D versus Objective C Comparison
Michel Fortin
michel.fortin at michelf.com
Sat Jan 31 13:50:09 PST 2009
On 2009-01-31 15:39:17 -0500, Chris R Miller
<lordsauronthegreat at gmail.com> said:
> Anyways, I decided to write up a comparison of the two languages from a
> less technical, more deployment oriented standpoint. IOW, examining
> how well they perform for the last mile of development: deploying
> software.
You talk about IDEs in there, and praise Xcode. Do you know about D for Xcode?
<http://michelf.com/projects/d-for-xcode/>
And since have you taken a look at my D/Objective-C bridge?
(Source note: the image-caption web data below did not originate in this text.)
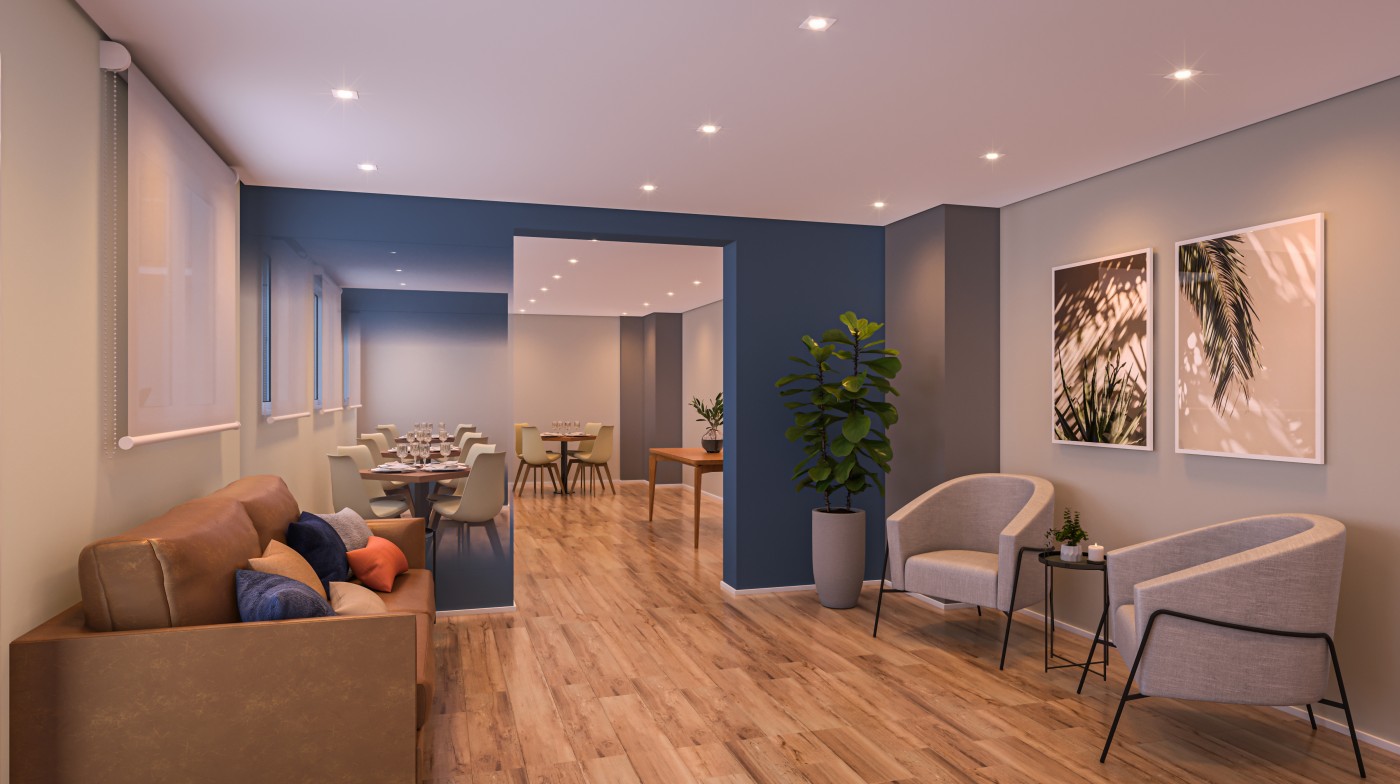 Apartamento à venda com 2 quartos, 1 banheiro e 34m² no Vila Butantã, São Paulo (SP) — foto 9 de 17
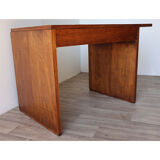 Modernist oak desk, 1940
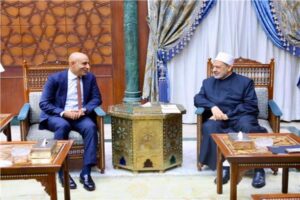 شيخ الأزهر يستقبل وزير التعليم ويؤكِّدان ضرورة استعادة مكانة المدرسة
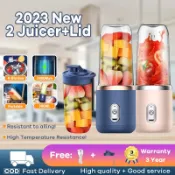 Portable Juicer Electric Blender Fruit Squeezer Juicer Cup E
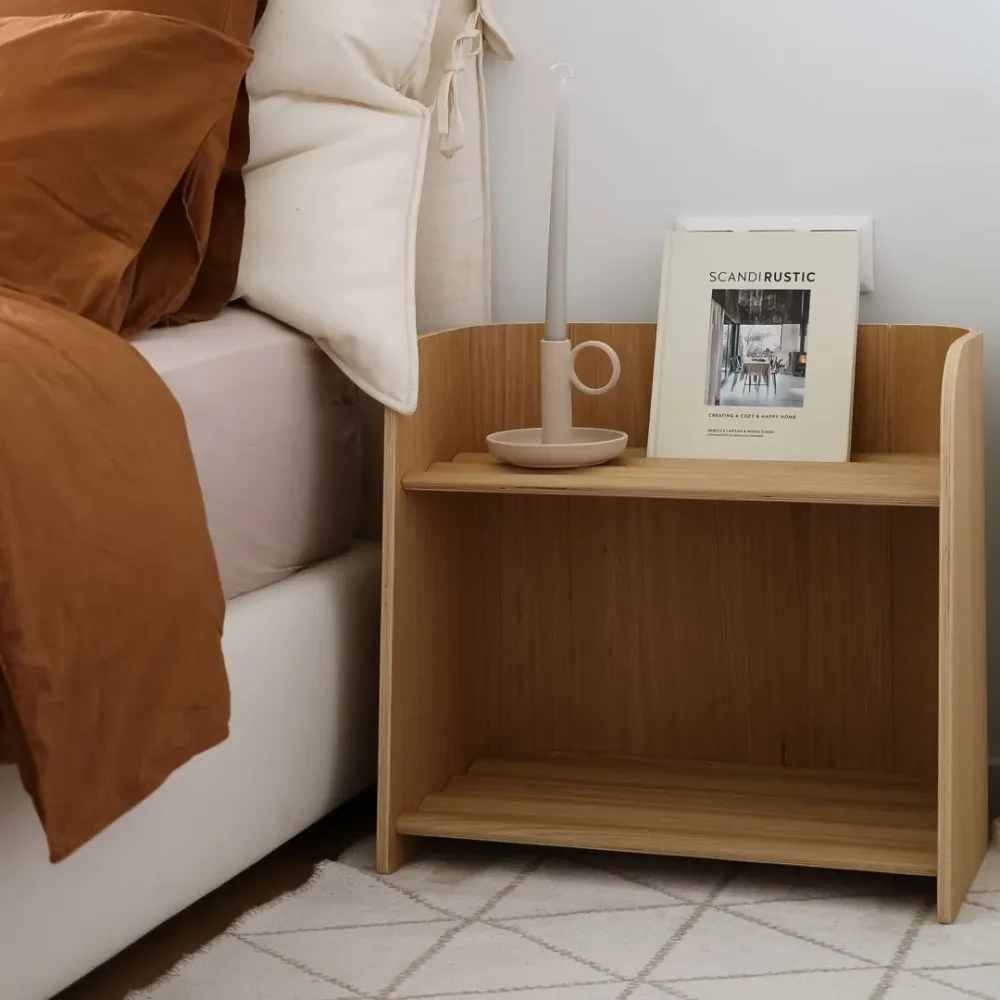 Bücherregal "Curvy" - Small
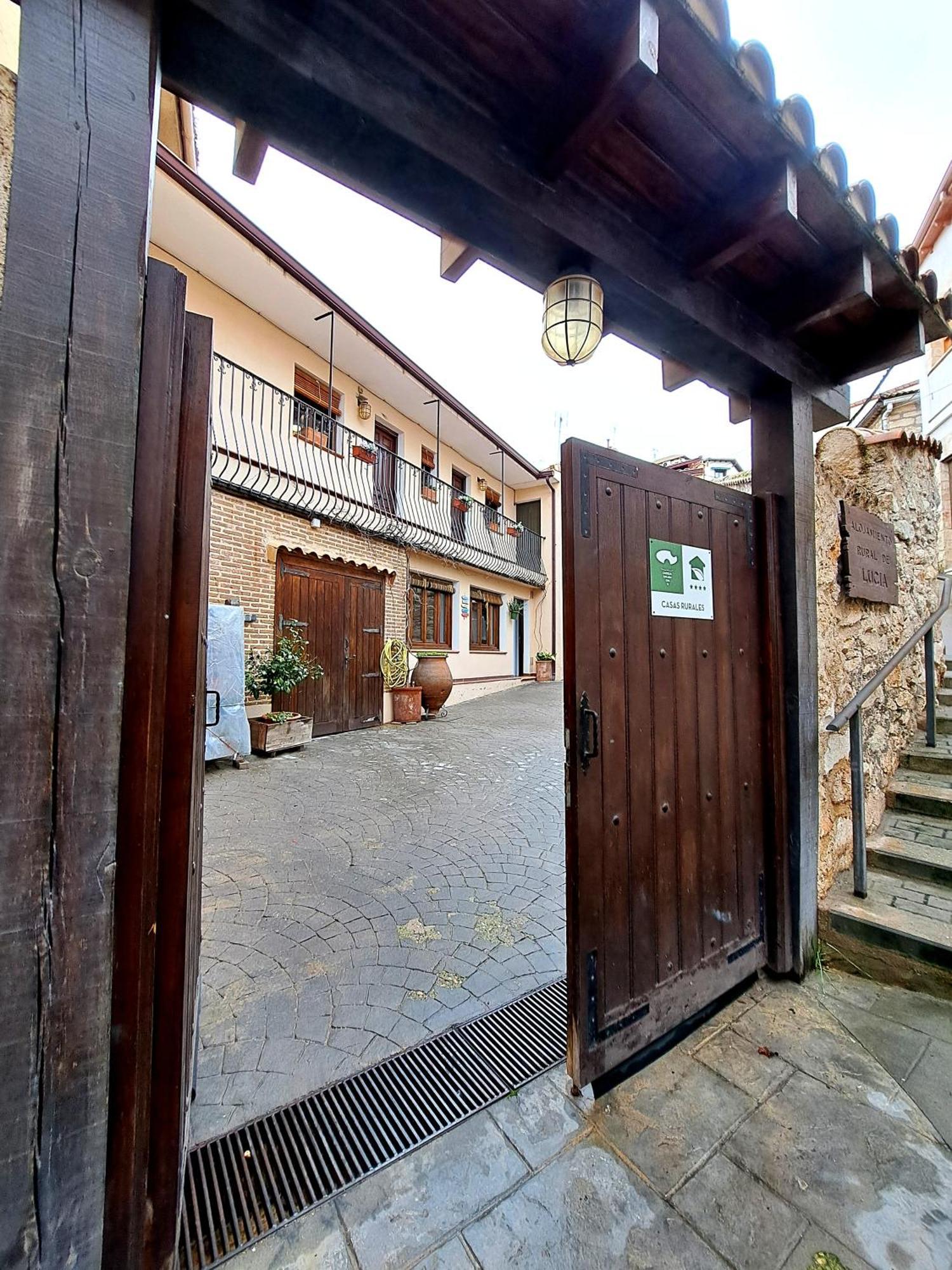 Casa Rural De Lucia Horche エクステリア 写真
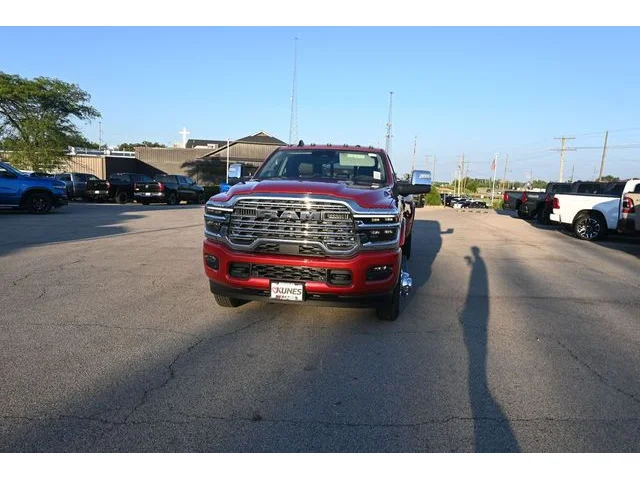 Nuevos RAM 3500 à Estados chez autogozo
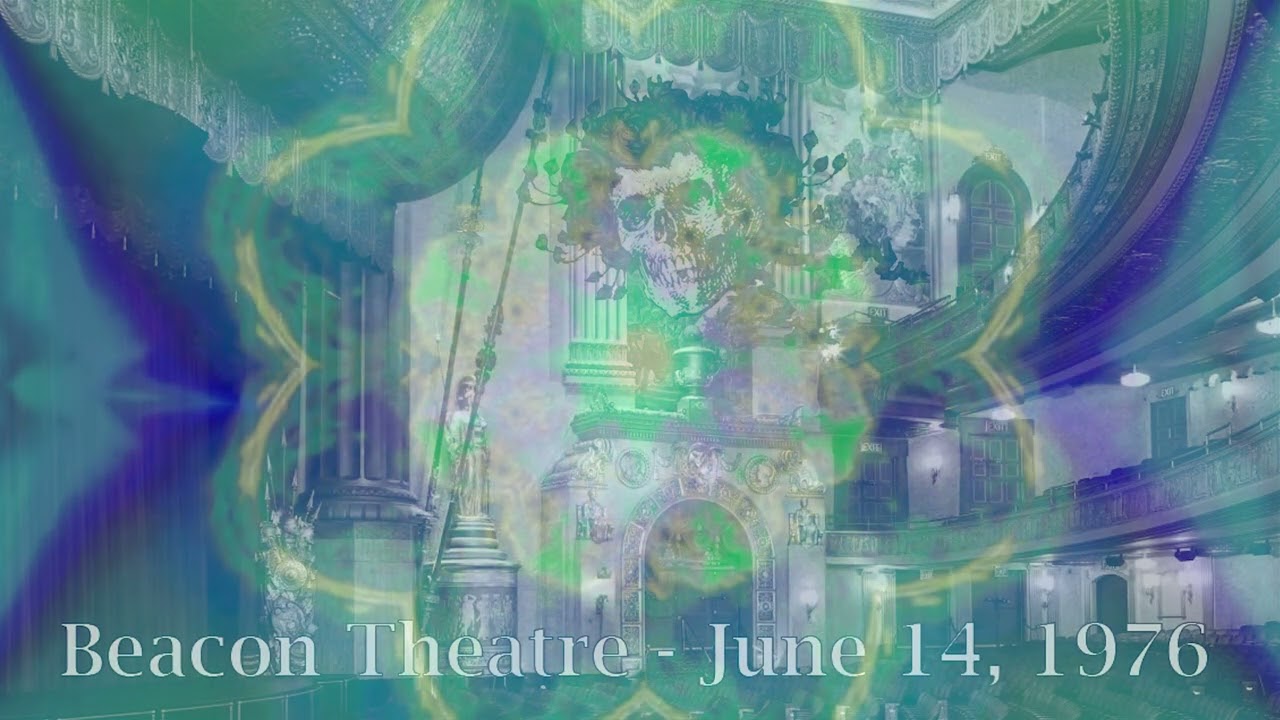 Grateful Dead - Beacon Theatre (New York, NY) 6/14/1976 (Complete Show)
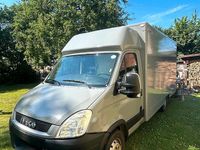 Gebraucht Iveco Daily 106 PS (77 kW) 2010 Grau Limousine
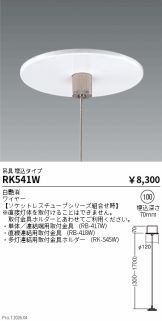 RK541W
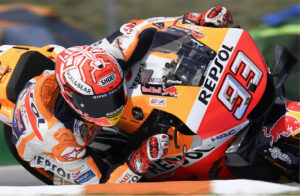 MotoGP: Márquez continua a dominar na FP4 thumbnail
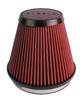 Airaid 701-466 - Universal Air Filter - Cone 6 x 7 1/4 x 4 3/4 x 6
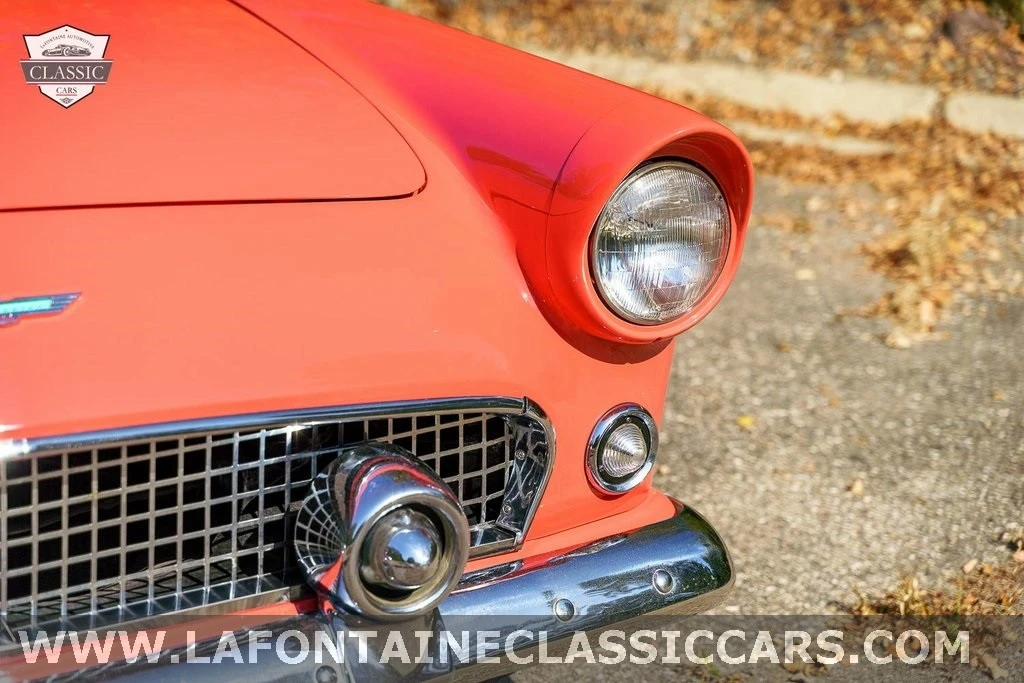 1956 Ford Thunderbird 1st Gen - Image 19 of 21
<http://michelf.com/projects/d-objc/>
Unfortunately, these two projects aren't getting much attention these
days, mostly because I can't do much with the current state of the one
D compiler that runs on my PowerPC iBook.
One area I think Objective-C to be very great and that you haven't
touched is for creating stable APIs. In Objective-C, contrary to D and
C++, you don't have to recompile every dependency when reordering,
adding and removing member functions in a class. In 64-bit Objective-C
2.0, you can even add variables to a class without care about
recompiling derived classes. Compare that to D, where exposing a class
as a public API will either force you to not change much that class, or
force your users to recompile every time you make such a change.
> Also, I do honor the right of reply. If there's something I have
> written that is now incorrect or inaccurate I will of course change my
> page to reflect that. Heck, all the comparisons in the world are
> worthless if they aren't accurate!
Well there's one error:
"If you ignore Cocoa, then there is the GNUStep [gnustep.org] project,
which is an Open-Source implementation of the old Carbon standard from
NeXT Step."
No. Carbon was created to ease port of classic Mac OS applications to
Mac OS X. It's a revamped version of the Mac OS Toolbox, which got some
additions as Mac OS X evolved. It has nothing to do with NeXT.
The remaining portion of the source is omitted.